The markings on tritium and promethium lume watches are governed by ISO 3157; where the watch is simply marked T, it must have less than 7.5 mCi of tritium whereas T<25 as seen on some dive watches like Rolex’s Submariner means the tritium is somewhere under the permitted maximum of 25 mCi. Promethium is signified either by a P enclosed within a circle (usually on military issued watches) or the letters Pm or Pm 0,5.
Promethium was relatively rarely used compared to tritium, but both fell out of favor through the decades after the 1970s outside of specific applications where self-luminosity is particularly desirable, as in dive watches.
Non-radioactive
It became clear that radioactivity was a sensitive solution to making watches glow and was unlikely to be viable longer term, so manufacturers began in the 1960s to search for alternatives.
Chemiluminescence presented itself as a solution, though there were limitations. While it has the potential for self-luminescence like radioactive alternatives, the substances involved are usually consumed in the reaction that produces the glow meaning that the luminescence is not sustainable.
The answer came with photoluminescence. A photoluminescent material absorbs light, typically in the UV spectrum, and releases it again as light over time. For a watch, the material has to be phosphorescent rather than fluorescent, as the latter re-emits light effectively immediately after it has been absorbed, whereas a phosphorescent material can continue glowing for hours in the right circumstances.
Initially the familiar zinc sulfide was used, but in a photoluminescent application fades undesirably quickly, so alternative compounds were investigated. The answer came with strontium aluminate, typically doped with europium, giving approximately ten times the brightness of ZnS with the glow lasting ten times as long.
This highlights a drawback of photoluminescent lume: it is not self-luminescent but rather has to be “charged” with light in order to glow. A few minutes charge will give minutes of glow, so any use requiring the watch to be readable in the dark for hours typically will require a charging period of several hours too.
In general use this is not an issue, but does explain why tritium continued to be popular in dive watches long after photoluminescent materials became available. Immediately after charging, the photoluminescent watch will typically be brighter than a radioluminescent equivalent but will fade with time after being charged. The luminescence of a tritium watch will remain constant throughout.
Photoluminescent materials currently dominate the market, particularly SuperLuminova from the market leader RC Tritec of Switzerland. However, there are a number of watchmakers such as Ball Watch, Traser and Luminox using tiny glass tubes of gaseous tritium (GTLS or Gaseous Tritium Light Source) from MB-Microtec, also of Switzerland.

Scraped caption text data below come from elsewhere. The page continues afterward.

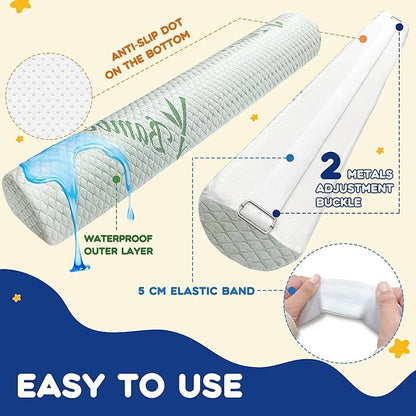 Waterproof Baby Bed Bumper for Toddler with Adjustable Band, Soft Kid Foam Bed Rail for Rental, Vacational, Full, Queen, Twin, King Size Bed, Green, 2 Pack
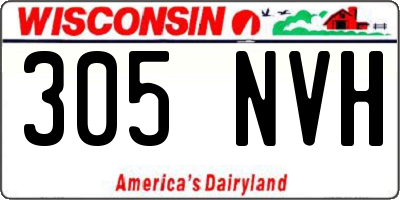 WI license plate 305NVH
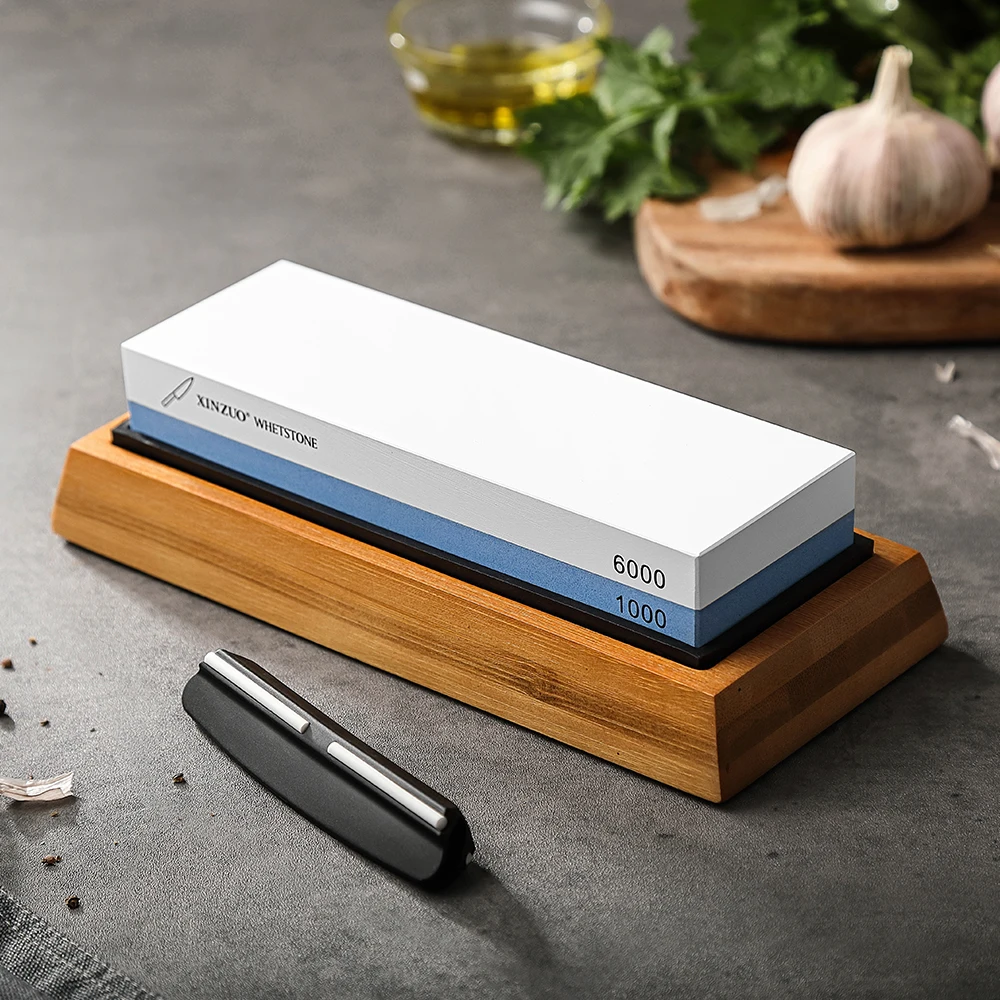

XINZUO New Sharpening Stone 1000&6000 Grit Double Sided Whetstone For Kitchen Knives With Non-Slip Bamboo Base Free Angle Guide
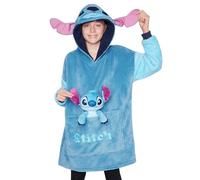 Disney Pull Plaid Enfant Sweat Oversize en Polaire Enfant Ado avec Peluche Stitch Angel Mickey Minnie Bourriquet (Bleu Stitch)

Increasingly, the two technologies are being used in combination for the best of both worlds, giving both a constant glow and initial brightness. The major drawback of the GTLS tubes is cost, with the tubes costing in the order of $10 per tube and replacement being advised after twenty-four to thirty-six years.
The future might involve using both GTLS tubes (for specific applications) and photoluminescent pigments for everyday use. The problem there is the two goals, of extra brightness and longer duration of glow, are mutually opposed, and one or the other will suffer. The next breakthrough will be some way of reconciling those two aims in one material.